Basic Survey Design Specifications
The sampling unit during sample selection refers to the entities that are selected for the survey. In this survey, the sampling units are randomly generated MPNs. For the NCD Mobile Phone Survey, stratification cannot occur until after the sample is selected. In such cases, two-phase sampling can be used to control the demographic composition of the final sample.
If sample design Option 1 is chosen, the NCD Mobile Phone Survey sample design will reflect a two-phase sample of mobile phone users from the sampling frame of possible MPNs with stratified sampling disproportionate to the MP user population in the second phase. Within each stratum, each mobile phone user linked to a single MPN will have the same probability of being selected if an equal-probability selection method (e.g., simple random sampling) is used to select the MPN in the first phase. However, the selection probabilities for users with access to multiple MPNs will be directly related to the number of mobile phones they can access (i.e., resulting in a multiplicity adjustment). Selection probabilities will also be inversely related to the number of users when multiple mobile phone users are linked to a single MPN (i.e., a MPN cluster) and only one of them is invited to be interviewed in the survey. These selection probabilities, along with the probability of selecting MPNs in the first phase, will be used in calculating sampling weights.

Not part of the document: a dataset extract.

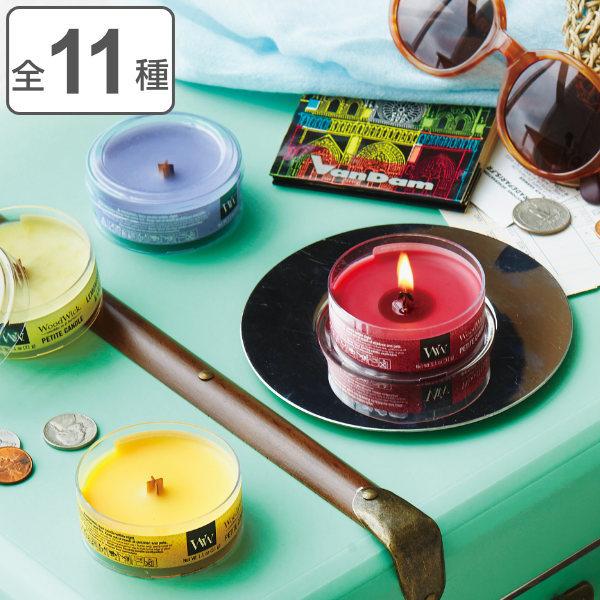カメヤマキャンドル アロマキャンドル ウッドウィック WoodWick プチ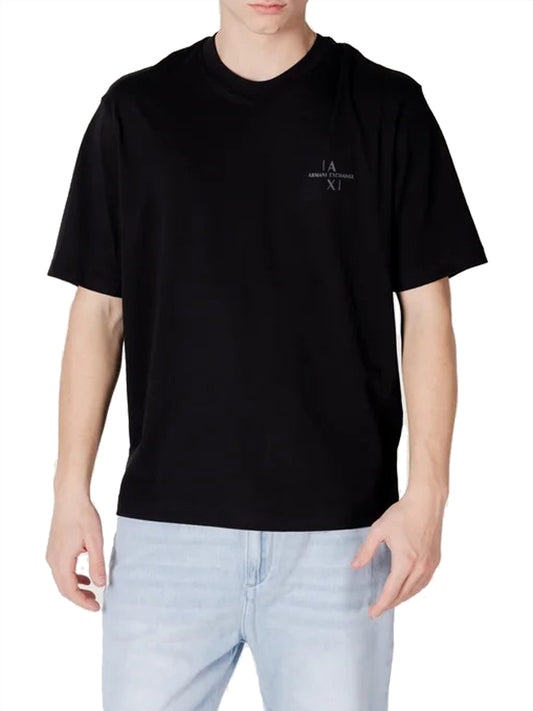 Armani Exchange T-shirt Uomo XM000763 Nero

In the first phase for Option 1, a sample of MPNs is randomly selected from the range of possible MPNs. Respondents selected for the NCD Mobile Phone Survey are screened and assigned to one of several strata categorized by age group and sex. In the second phase, NCD data are collected on respondents within age/sex strata until individual stratum sample sizes are achieved or until the data collection period determined by countries has expired. Once sample size is met in a specific stratum, data are collected for the demographic questions, but not the NCD questions, until the targeted respondent sample sizes for all strata are attained.
As noted in the Introduction, certain requirements and recommendations should be followed to maximize the comparability of the results between countries that are conducting the NCD Mobile Phone Survey. However, each country has the option of introducing design enhancements that allow it to increase the usability of the results from this survey (e.g., selecting the sample to ensure precise estimates by region). In this section, we present some of the basic survey design requirements. Any design enhancement that a country wants to introduce will generally be acceptable provided it does not interfere with these basic requirements and, thus, contribute to a loss of intercountry comparability of survey estimates.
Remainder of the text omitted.